Mr Wood said VicAIA would be assisting Mrs Zamora in her legal battle.
Harish Nair, senior associate at Hicks Oakley Chessell Williams and lawyer representing Mrs Zamora, said the case was currently in a preliminary stage, and would be heard at the Victorian Civil and Administrative Tribunal (VCAT) on July 28.
He too said the matter could become a defining case for strata law in Victoria.
“I would agree with that,” he said.
“There are a number of things managers and committee members of OCs need to learn; that they are only responsible for handling the assets of the common property, which is what OCs are created for. When they go beyond those rights, it becomes very questionable whether they’re acting in the interest of everybody in the building.”
But Mr Bacon said all OCs had a delicate balancing act to consider in responding to these unprecedented times.
“On the one hand, lot owners and lessees have freehold and leasehold rights to sub-let, licence and otherwise invite guests to come stay in their apartments for however long or short as they please, and the OC has to respect those rights,” he said.

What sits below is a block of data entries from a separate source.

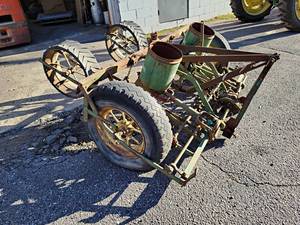 lot 1004 image: 2-Row John Deere Planter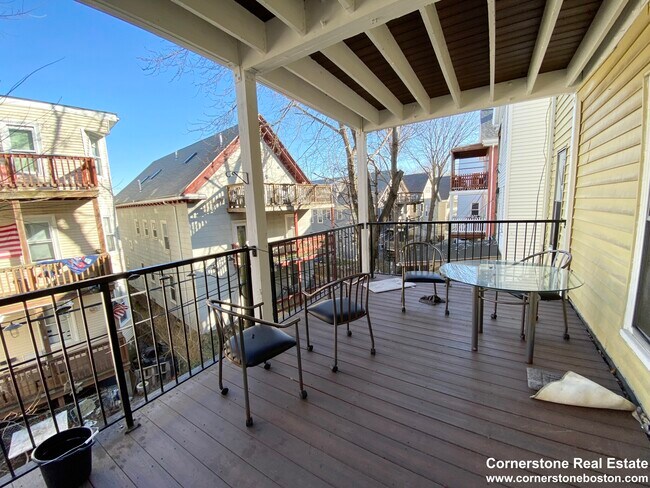 Foto del edificio - 55 Hillside St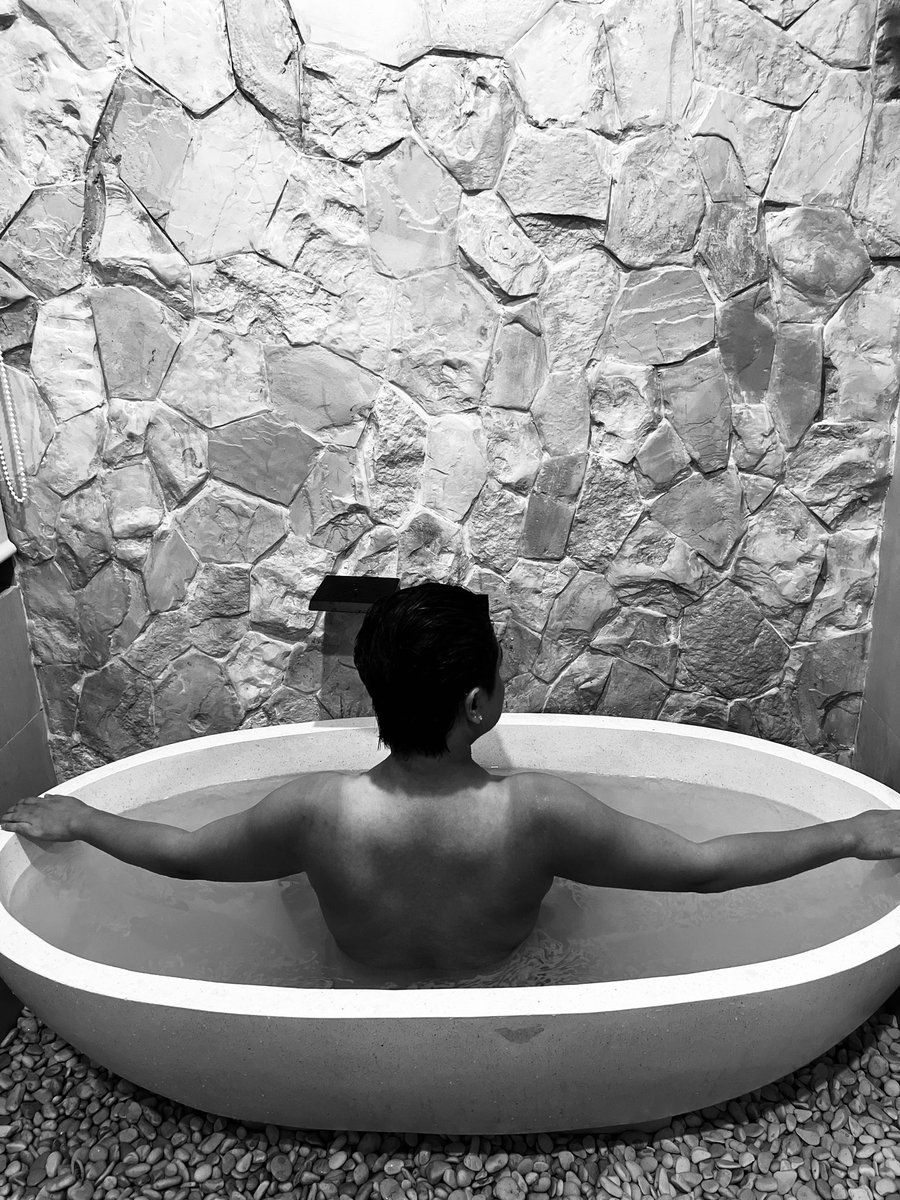 notmayojam's tweet photo. POV: scam yun nabili mo na bath bomb sa Bali, ayaw bumula 🫧🙄🫠 https://t.co/El5qtgRVEo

“But on the other hand, the OC has the duty to act in the best interests of all owners and occupiers and must do all things necessary to ensure the safety and the health of all of the existing owners and residents in the building.”
“When you weigh those two competing interests in the context of COVID-19, the health and safety of over 1000 owners and residents in the building must necessarily outweigh the rights and expectations of an absentee AirBnB landlord to rent the unit out to whomever of the general public that desires to use it, in order to turn a profit.”
Harish Nair said that if there was a negligence claim on the part of the OC, then the case may head to the Supreme Court.